People in and out of the radio industry rushed to criticize RCA-Victor for bringing out another “nonstandard” record. A point not generally appreciated, but deserving a lot of attention, is that with the record itself the company introduced a new automatic player of highly ingenious but simple construction. The entire changing mechanism is enclosed in the stubby center post or spindle, with no outside arms, levers, carrying pans, or anything else. The spindle takes a stack of ten records, giving a total of more than 50 minutes of playing time. The records drop into position quickly and quietly. Anyone accustomed to the erratic and sometimes spectacular behavior of ordinary automatic changers will be intrigued by the effortless functioning of this new device. Its simplicity makes it especially valuable for children’s use, for dance parties, etc.
The 45-r.p.m. records themselves have a construction feature not found in any others. The label area, immediately around the spindle hole, is thicker than the playing surfaces; so the latter cannot rub against either each other or the top of the turntable. This undoubtedly makes the disks last longer and give better music during their life. Most ordinary records have to be discarded long before their grooves actually wear out because they get so scratched up.
The advent of the RCA records caused the New York newspapers a few months ago to give front-page prominence to reports of a “record war” between that company and Columbia. This surprised no one because the Columbia Broadcasting System, which owns Columbia Records, has been feuding with the National Broadcasting Company, which is owned by RCA. The head of Columbia records issued a long and somewhat angry statement denouncing RCA; RCA officials said nothing and went right ahead with a million-dollar campaign to put their new system over.
Turntable manufacturers lost no time in. revamping their products to accommodate the 45-r.p.m. disks. By the time this issue of Mechanix Illustrated appears, there will be on the market dozens of three-speed players, with double tone arms, that will handle any records now sold. If you want to play some of your old favorites, you shift the speed lever to 78, push in a 1/4-inch spindle, select the three-mil pick-up, and load ‘er up. If you want to go high brow and listen to Brahms or Shostakovich for a couple of hours, shift to 33-1/3, leave the 1/4-inch spindle in position, select the one-mil pick-up, and pretend you’re in Carnegie Hall.
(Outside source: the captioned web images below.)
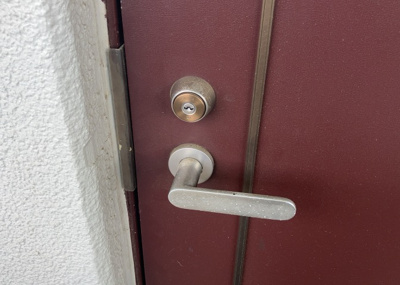 【防犯設備】 | 八王子セントラルマンション | 当然のことではありますが、オートロックやセンサーライト、ホームセキュリティーなどの防犯設備があれば、小さいお子様がいるご家庭も安心ですよね！まず物件購入の際は、防犯設備もチェックするようにしましょう。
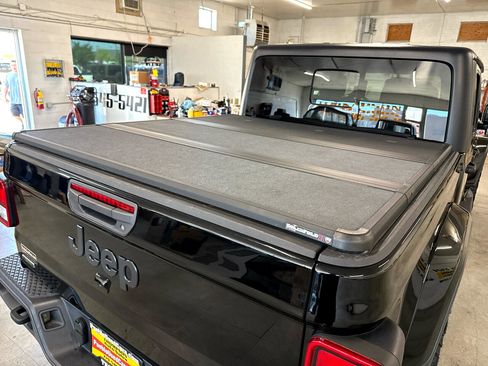 Used 2021 Jeep Gladiator Sport image 64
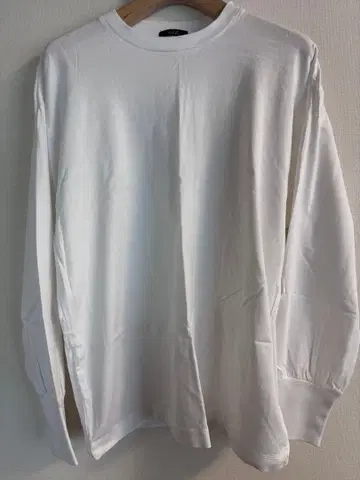 YLEVE 이레브 화이트 롱 T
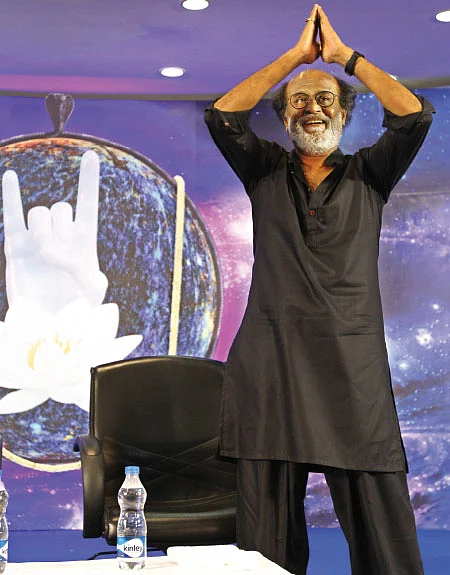 ‘‘பணம் சம்பாதிக்க என்கிட்ட வராதீங்க!’’ - ரஜினியின் அரசியல் அட்வைஸ்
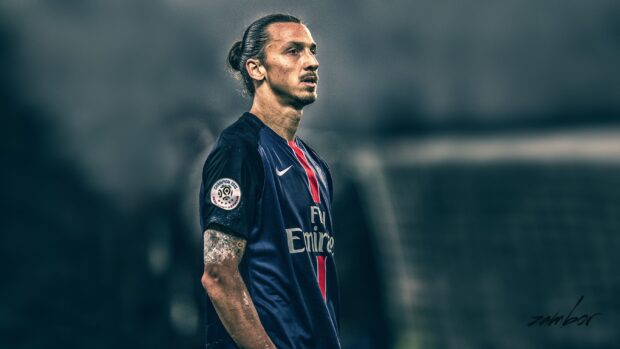 Zlatan Ibrahimovic focused during a match in Paris Saint Germain jersey, 2K Desktop Wallpaper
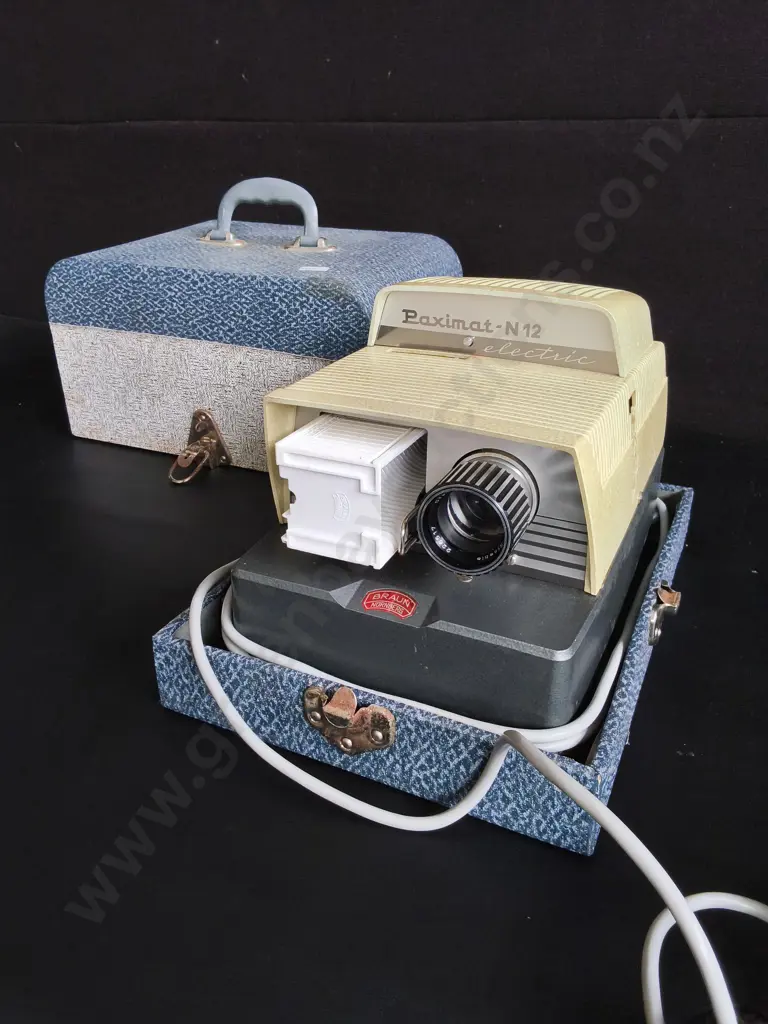 VINTAGE BRAUN PAXIMAT-N 12 ELECTRIC 35MM SLIDE PROJECTOR WITH STORAGE CASE, W 34 CM Image 1++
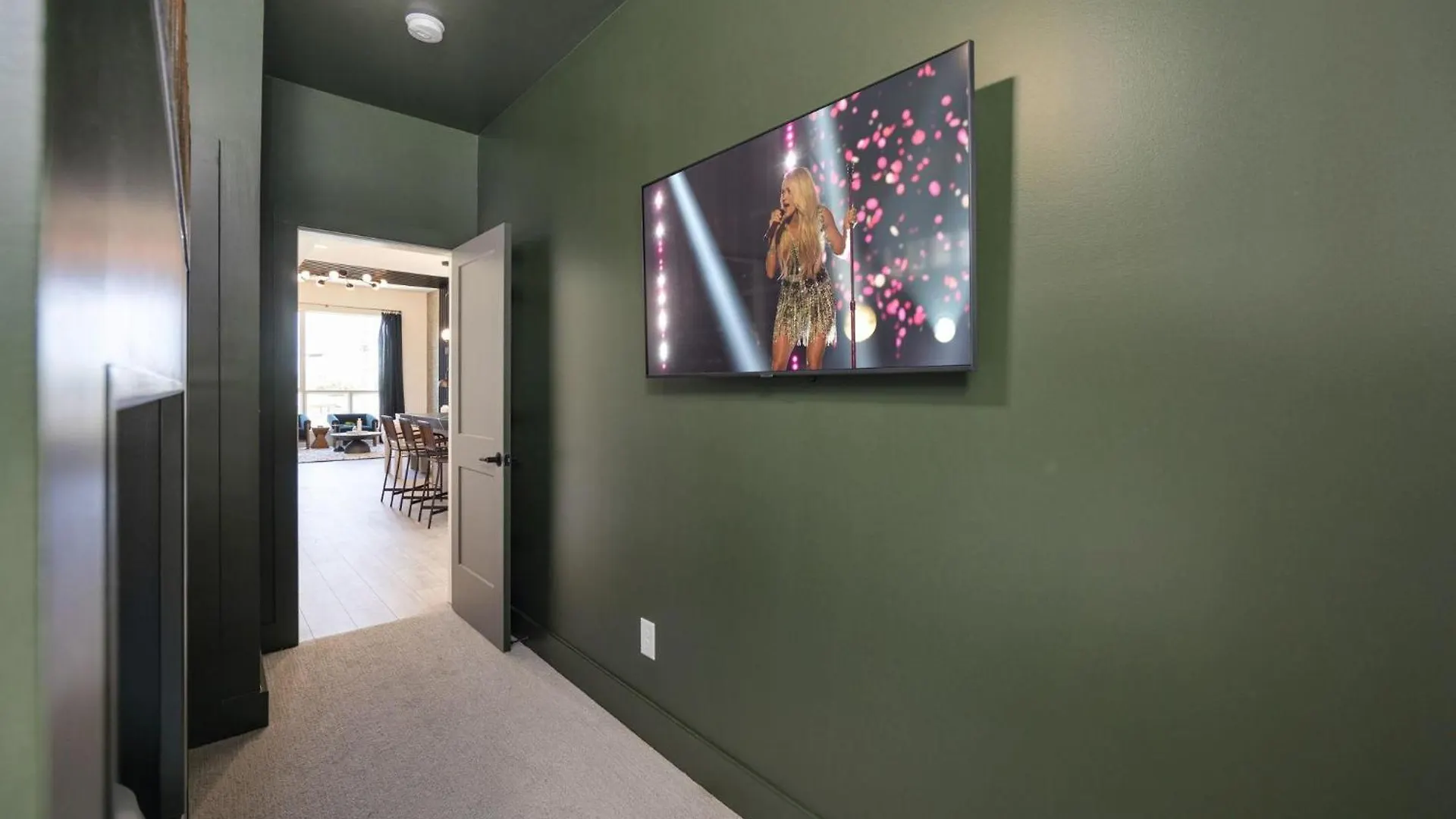 Enchant - Stunning City Views - Modern Luxe Nashville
If there’s a special new number on a 45-r.p.m. disk, shift to 45 on the turntable, plug in the special 1-1/2-inch adapter spindle, and let it roll.
If you’re perfectly happy with your prewar phono-radio combination and don’t feel inclined to invest money in a new two- or three-speed player, you won’t be missing a thing. Both Columbia and RCA have announced that 78-r.p.m. duplicates will be made of all new recordings.
Columbia and RCA-Victor advance excellent reasons for their choices of record speeds. Mostly, they’re very technical and are tied up with the distortion effects that occur at different speeds in relation to the diameters of the grooves. As far as quality of reproduction is concerned, I doubt if one listener in ten thousand could detect any appreciable difference between the two makes. When you get down to it, the RCA 7-inch 45-r.p.m. record, playing five minutes, is virtually identical with the Columbia 7-inch 33-1/3-r.p.m. “Long-Playing” disk, which also runs five minutes; RCA just doesn’t use the term long playing, because a five-minute record certainly is not a long-playing one. The 13-1/2- and 22-1/2-min-ute Columbia records are something else. For classical music, they undeniably are wonderful. Personally, I am of the opinion that RCA-Victor isn’t much concerned about the high-brow trade and figures that it can do plenty of business with the many more people who go for the popular stuff. Pay your money and take your choice!